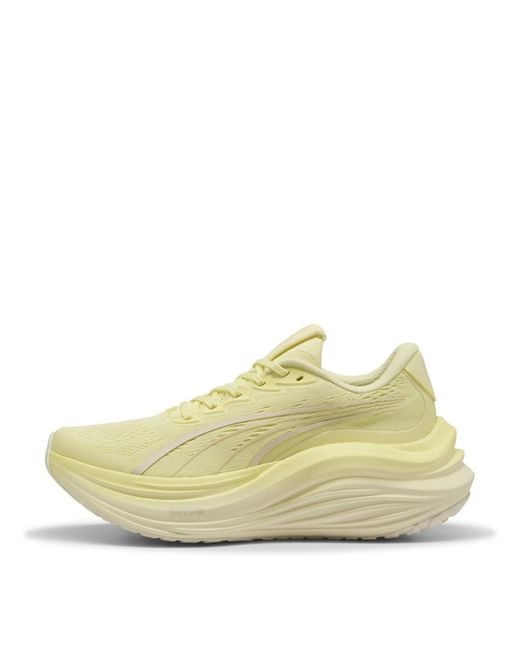 PUMA White Magmax Nitro Wns Road Running Shoes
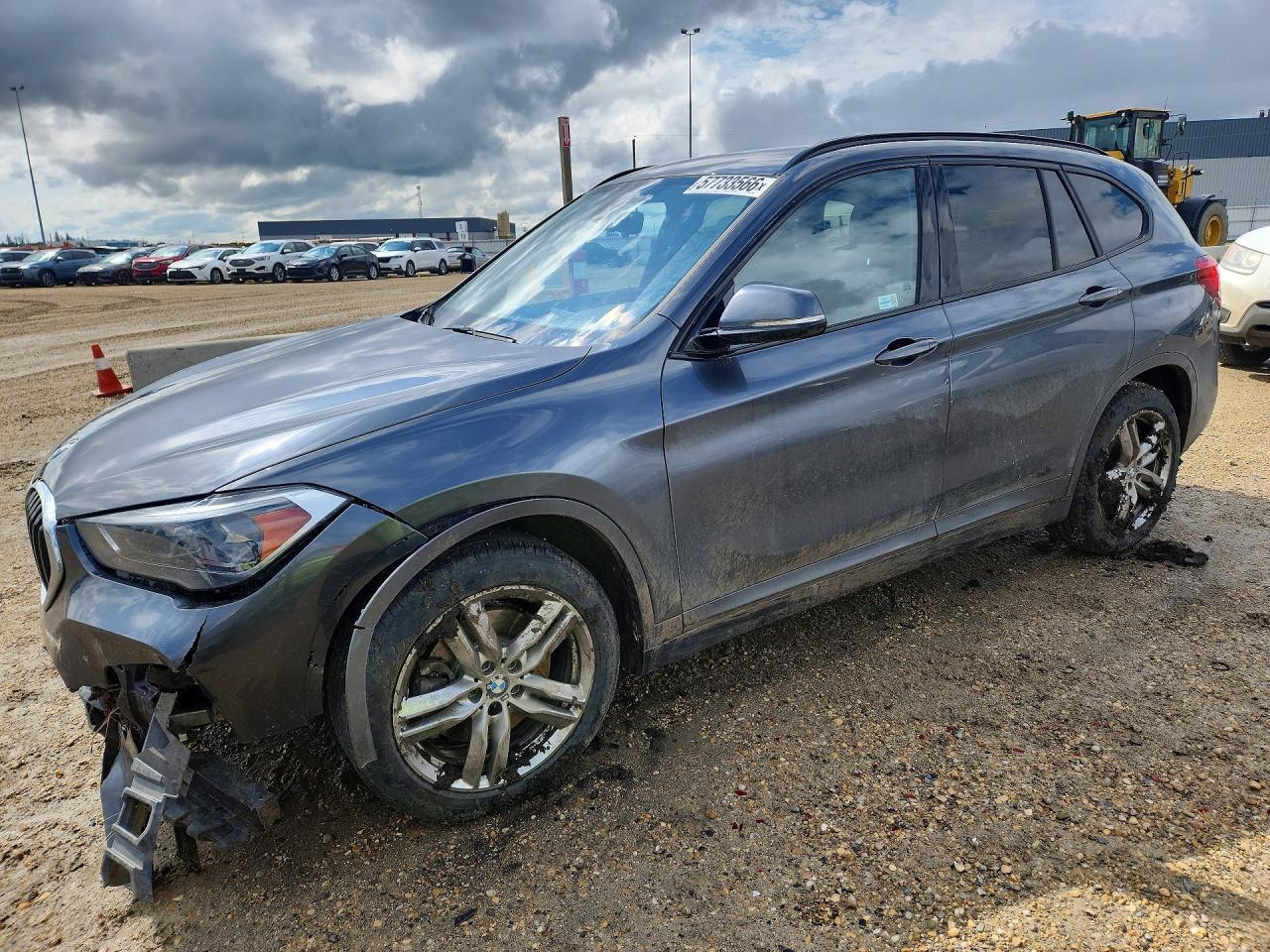 2021 BMW X1 xDrive28I - zdjęcie główne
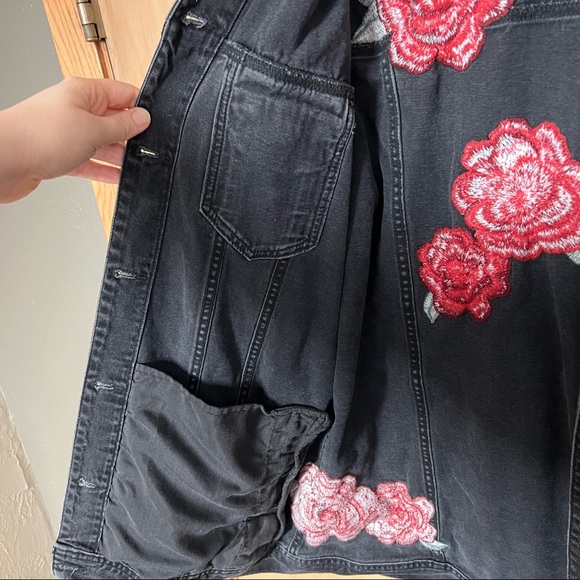 American Eagle Embroidered Black Denim Jacket - Picture 5 of 5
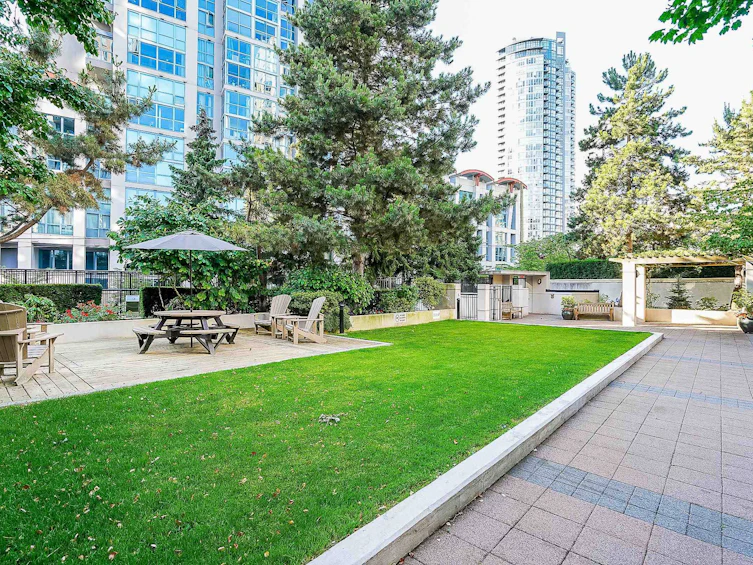 1608-1295 Richards Street, Vancouver, BC, V6B 1B7 - 32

- - - -

- _What is being asked_
Retype verbatim only the lines beginning with the line that contains "American Eagle Embroidered" and ending with the last line of the listing above; pictures are to be excluded.

- _Exercise response_
 American Eagle Embroidered Black Denim Jacket - Picture 5 of 5
 1608-1295 Richards Street, Vancouver, BC, V6B 1B7 - 32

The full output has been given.